◆ **What the task requires**
Some entries follow. Reproduce exactly the lines starting at the one with "Silla Camila apilable" and stopping after the one with "Saker Portsble Jelly Quiet Book".

◆ **Stored data**
↓

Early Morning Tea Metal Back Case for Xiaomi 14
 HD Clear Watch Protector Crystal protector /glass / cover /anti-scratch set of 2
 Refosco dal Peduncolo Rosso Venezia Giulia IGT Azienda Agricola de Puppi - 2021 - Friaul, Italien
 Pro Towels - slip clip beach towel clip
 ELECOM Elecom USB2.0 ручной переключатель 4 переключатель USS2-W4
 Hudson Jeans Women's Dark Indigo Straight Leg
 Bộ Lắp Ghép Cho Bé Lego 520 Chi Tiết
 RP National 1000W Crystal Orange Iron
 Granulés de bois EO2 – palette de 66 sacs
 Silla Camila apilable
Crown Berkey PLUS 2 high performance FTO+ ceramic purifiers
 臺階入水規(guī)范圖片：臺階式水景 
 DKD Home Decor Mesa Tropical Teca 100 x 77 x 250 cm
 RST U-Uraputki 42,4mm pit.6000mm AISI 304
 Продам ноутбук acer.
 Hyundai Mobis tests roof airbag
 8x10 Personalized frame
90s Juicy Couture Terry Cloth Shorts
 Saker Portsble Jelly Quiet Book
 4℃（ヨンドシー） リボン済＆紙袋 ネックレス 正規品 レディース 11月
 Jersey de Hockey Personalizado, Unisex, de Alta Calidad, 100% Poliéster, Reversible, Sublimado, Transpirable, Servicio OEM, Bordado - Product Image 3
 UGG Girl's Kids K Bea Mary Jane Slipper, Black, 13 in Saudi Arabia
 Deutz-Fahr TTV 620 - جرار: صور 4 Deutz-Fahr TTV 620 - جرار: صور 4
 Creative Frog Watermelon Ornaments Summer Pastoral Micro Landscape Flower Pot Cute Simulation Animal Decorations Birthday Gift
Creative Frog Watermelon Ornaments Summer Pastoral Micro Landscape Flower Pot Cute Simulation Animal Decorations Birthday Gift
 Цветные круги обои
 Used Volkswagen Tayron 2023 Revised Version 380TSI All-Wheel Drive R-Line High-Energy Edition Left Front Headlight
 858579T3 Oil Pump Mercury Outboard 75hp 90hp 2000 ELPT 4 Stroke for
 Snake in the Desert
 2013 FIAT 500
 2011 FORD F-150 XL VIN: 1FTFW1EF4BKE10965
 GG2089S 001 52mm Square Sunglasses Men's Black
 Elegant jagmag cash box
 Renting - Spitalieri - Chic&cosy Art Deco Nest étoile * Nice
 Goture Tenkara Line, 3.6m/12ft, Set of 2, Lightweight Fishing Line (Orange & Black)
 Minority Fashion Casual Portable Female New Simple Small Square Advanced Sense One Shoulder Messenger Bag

↑

◆ **Output for this exercise**
 Silla Camila apilable
Crown Berkey PLUS 2 high performance FTO+ ceramic purifiers
 臺階入水規(guī)范圖片：臺階式水景 
 DKD Home Decor Mesa Tropical Teca 100 x 77 x 250 cm
 RST U-Uraputki 42,4mm pit.6000mm AISI 304
 Продам ноутбук acer.
 Hyundai Mobis tests roof airbag
 8x10 Personalized frame
90s Juicy Couture Terry Cloth Shorts
 Saker Portsble Jelly Quiet Book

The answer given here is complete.